At the moment when a new EU leadership is taking office and new policy priorities are being discussed, talks about the need to encourage structural reforms in euro area economies are reviving with force. There is however much confusion on why it is so important right now to promote reforms in the euro area and what would be the best mechanism to do so.
This Policy Paper by Eulalia Rubio distinguishes between three different rationales to promote reforms in the euro area:
- improving the competitiveness of the euro area as a whole,
- enhancing the euro area’s capacity to adjust to shocks
- and reducing intra-euro competitiveness gaps.
The Policy paper discusses the relevance of these three objectives in today’s EMU and analyses which policy response would be more appropriate to address each of them.
Three main conclusions derive from this analysis.
First, the costs of reforms are not fully recognised in the implementation of the stability and growth pact, particularly for countries under the corrective arm of the pact.

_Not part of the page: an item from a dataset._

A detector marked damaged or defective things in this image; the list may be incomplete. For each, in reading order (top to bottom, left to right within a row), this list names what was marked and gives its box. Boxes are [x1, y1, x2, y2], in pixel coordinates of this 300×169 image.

To improve the competitiveness of the euro area, a more direct link should be made between efforts of reform and the extension of deadlines for deficit correction.

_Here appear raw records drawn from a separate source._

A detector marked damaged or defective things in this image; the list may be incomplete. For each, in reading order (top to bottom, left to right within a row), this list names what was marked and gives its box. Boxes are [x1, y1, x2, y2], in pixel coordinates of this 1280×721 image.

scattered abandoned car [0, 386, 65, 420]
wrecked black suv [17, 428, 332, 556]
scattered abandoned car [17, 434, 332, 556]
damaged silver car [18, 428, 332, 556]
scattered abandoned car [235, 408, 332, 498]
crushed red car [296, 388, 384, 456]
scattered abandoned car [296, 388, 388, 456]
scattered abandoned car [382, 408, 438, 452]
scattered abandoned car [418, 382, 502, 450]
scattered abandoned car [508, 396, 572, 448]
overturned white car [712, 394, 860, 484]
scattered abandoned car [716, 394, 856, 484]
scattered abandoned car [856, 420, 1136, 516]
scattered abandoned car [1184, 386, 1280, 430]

Second, while there is a clear case for inducing euro area countries having excessive market rigidities to reform, monetary incentives do not seem the most appropriate tool to do so. To effective incentive to reform would be establishing minimum requirements of market flexibility and openness to competition as a pre-condition to member states’ participation into a future euro area fiscal stabilisation mechanism.

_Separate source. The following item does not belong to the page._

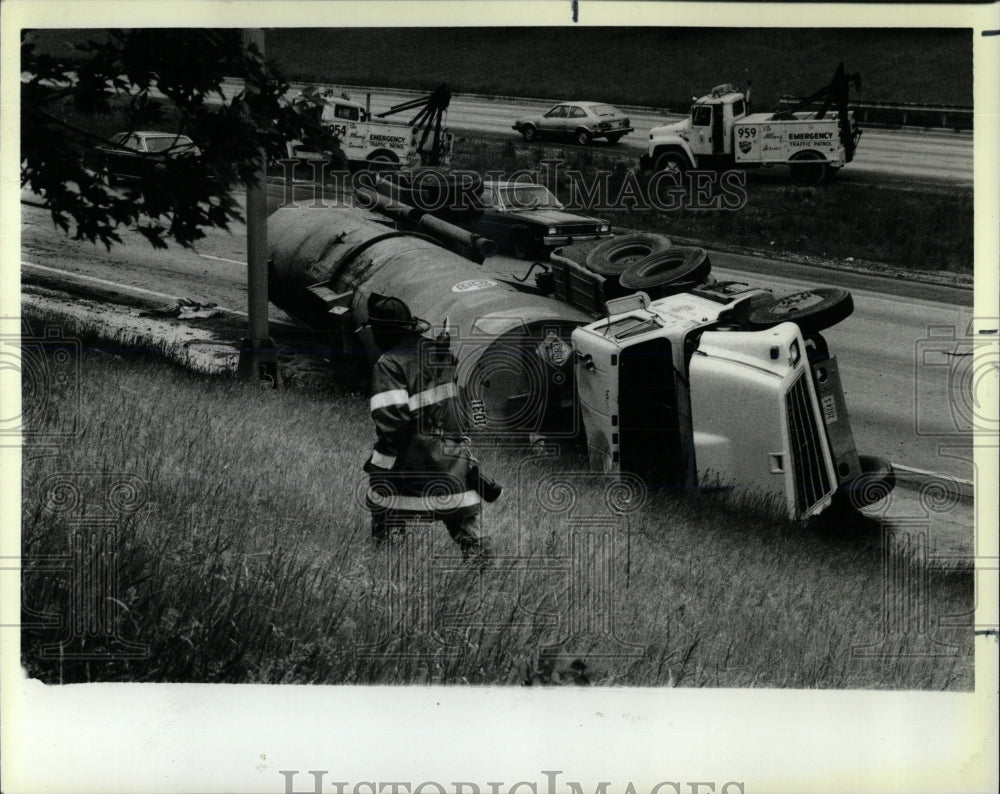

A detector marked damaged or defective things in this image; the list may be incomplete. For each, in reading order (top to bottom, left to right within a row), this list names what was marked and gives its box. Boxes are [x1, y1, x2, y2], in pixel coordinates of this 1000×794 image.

overturned tanker truck [266, 201, 892, 516]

Third, non-cost competitiveness factors – and particularly, the quality of public institutions – account for an important part of the current intra-euro competitiveness divide. To close this divide, there is a case to accompany current efforts of ‘internal devaluation’ with an EU action aimed at supporting public governance reforms in peripheral countries.
Dr. Eulalia Rubio is Senior Research Fellow at the Jacques Delors Institute Paris, she formally worked at the Pompeu Fabra University in Barcelona.